Gross bookings rose 10.5% over the year to $1.9 billion. Worldwide hotel room night sales also grew a significant 36% over the year to $12.8 million for the quarter. Airline sales saw 28% growth in the number of tickets sold.
There was growth not only in the domestic market, but also in the international one. Priceline’s international business saw growth of 24% in gross bookings on a local currency basis and benefited from growth in hotel inventory, and growth in new markets. Booking.com continued to expand its worldwide supply base to over 66,000 hotels in nearly 70 countries.
The company forecasts Q2 gross bookings at $2.1-$2.15 billion with domestic gross bookings growing nearly 5% and international gross bookings growing nearly 15% on a local currency basis. They expect that to translate to revenue growth of nearly 8%-13% over the year. They project EPS growth of nearly 10% to $1.65-$1.75 per share.
Priceline attributes its growth to “substantial investments in marketing and brand-building.” Most competitors are trying to cut costs and reduce marketing spending in particular, which should help Priceline expand its market share.
The company’s stellar performance even in such troubled times speaks volumes of Priceline’s business model. The name-your-own-price initiative has helped it gain market share in the present cost-conscious times. Its strong presence in international markets has also stood it in good stead. Priceline’s web sites offer extensive content in nearly 22 languages.
The stock has crossed the $100 mark and is currently trading at $108.23 with a market capitalization of $4.44 billion.
Expedia’s (NASDAQ:EXPE) recently announced Q1 earnings were better than the Street’s expectations. Transaction volumes grew 7% over the year, led by a 13% increase in hotel room night sales. Expedia now seems to be eating into the market share of other players.
Q1 revenues of $635.7 million fell 8% from the $687.8 million last year but managed to exceed the Street’s expectations of $588 million. EPS of $0.21 was also higher than the Street’s expected $0.17.
During the quarter, Expedia initiated a price war by following Priceline’s strategy of waiving airline ticket booking fees through May. The policy had favorable results, with overall US ticket sales falling by 5% compared to US carriers’ 13% traffic decline. However, overall, revenue from air travel fell 17% and ticket volumes fell 4% over the year.
Expedia has been running similar promotional schemes for its site Hotels.com. Over the past few quarters, in addition to improving search engine optimization, it eliminated change and cancellation fees and lowered hotel booking fees. As a result, hotels.com saw Q1 room nights soar 14% over the year. Expedia’s portfolio now boasts of nearly 100,000 properties including Venere’s 15,000 properties and has grown 30% over the year.

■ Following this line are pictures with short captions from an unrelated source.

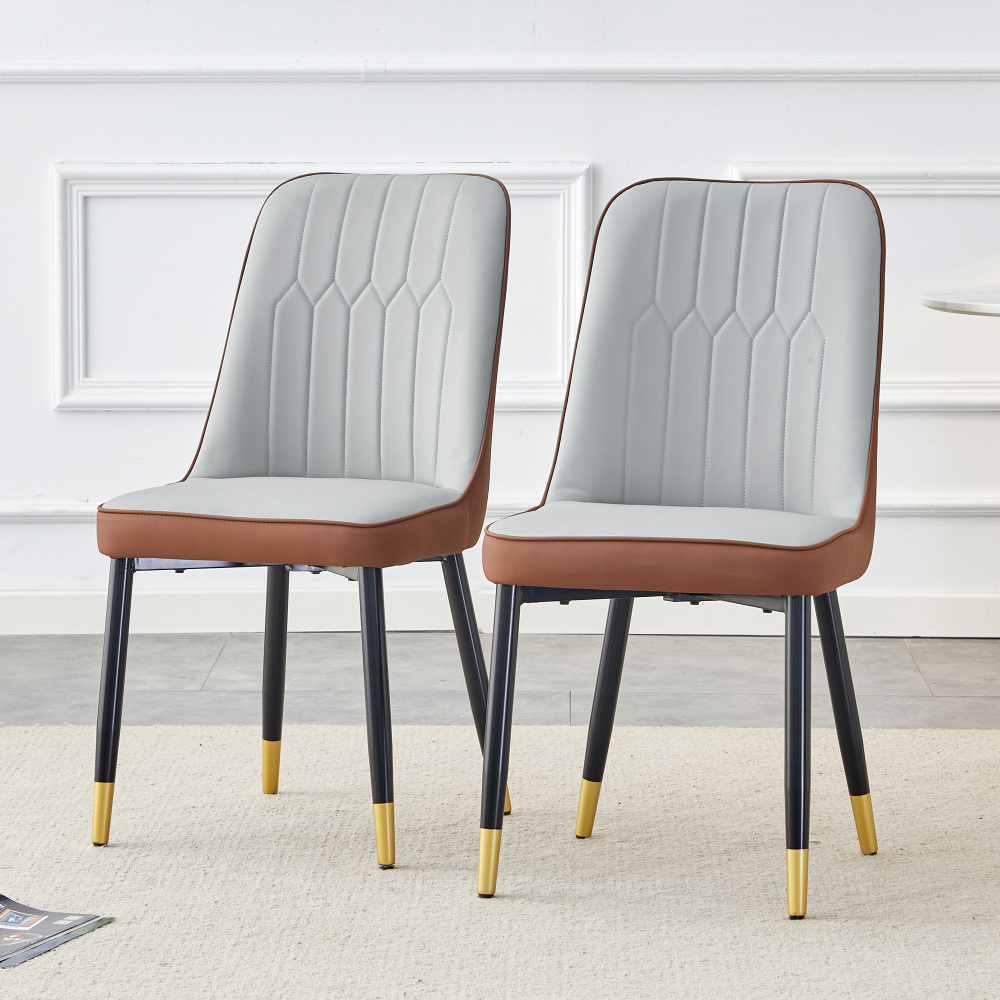 Conjunto de sillas de comedor piel sintética gris marrón set de 2 negro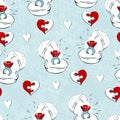 Wedding seamless pattern with line icons on white background. Wedding icons seamless pattern. Royalty Free Stock Photo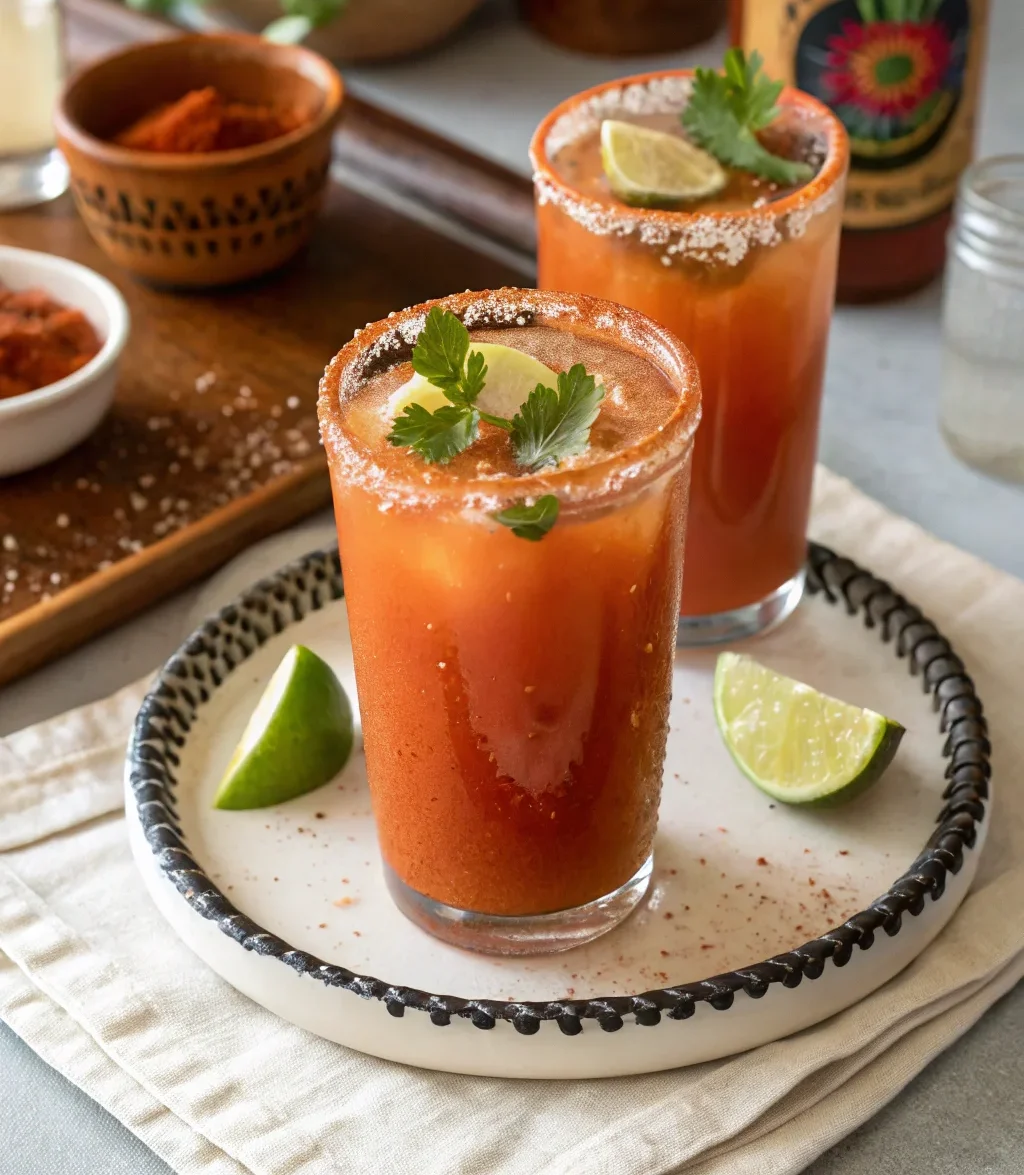 A delicious plate of Micheladas with Tajin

Additionally, advertising revenues grew 15% contributing to 11% of overall revenue. When the rest of the media world is worried by declining ad sales, Expedia seems to be thriving.

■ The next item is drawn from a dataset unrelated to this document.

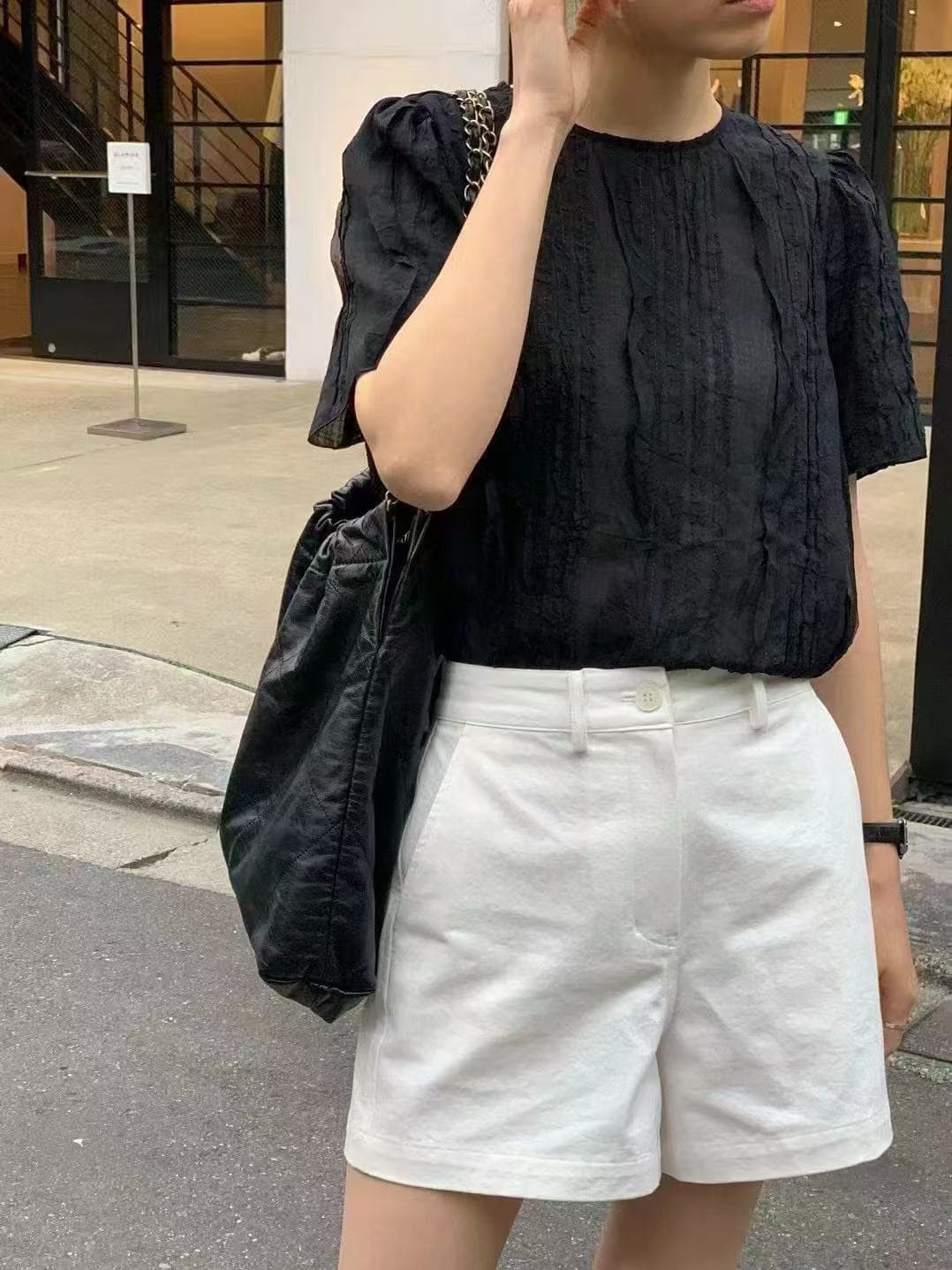달콤한 스타일 프릴 라운드 넥 반팔 쉬폰 블라우스 셔츠 한국 스타일 chic 작은 대중 디자인 센스 빛 요리 한 패션 상세 이미지 29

The stock reacted positively to the results and was up significantly. It is currently trading at $14.89 with a market capitalization of $4.29 billion.
Orbitz (NYSE:OWW) meanwhile continues to struggle on all fronts. Q1 revenues of $188 million fell 14% over the year and were short of the Street’s expectations of $192.5 million. EPS of $0.01 per share was marginally higher than analysts’ expected loss of $0.02 per share.
The company saw a drop in all segments. During the quarter, domestic bookings fell 13% over the year and international gross bookings were down 36%. Hotel room nights fell 2% over the year, and hotel net revenue reported a 29% fall over the year, translating to a 21% fall on a constant currency basis. International revenues also fell 39% over the year or 23% on a constant currency basis. Only advertising and media revenues grew, by 12% over the year to contribute 7% of total quarterly revenue.
During the quarter, Orbitz boasted of having stepped up its efforts to implement search engine optimization and CRM initiatives. Their results, however, still do not reflect any impact of these initiatives.
Orbitz has launched several promotional programs, but unfortunately none of them are bearing results. It also expanded its price assurance initiative to hotels and packages. It launched a feature called the Total Price hotel search, which makes it the first major online travel company to show the total price up front on the initial search results page.
To attract cost-conscious customers, the company also launched a Hotel Fee Cut promotion which cuts booking fees on all its hotels around the world for rooms booked during a defined period. The Orbitz Hotel Price Assurance also aims to get customers the lowest rates by automatically refunding them when lower hotel rates are booked on orbitz.com.
Unlike its competitors, Orbitz’s stock has not regained any value at all. It is still struggling at record low levels of $2.15 with a market capitalization of just under $180 million. Someone should take them out of their misery, and put them through a cleanup exercise!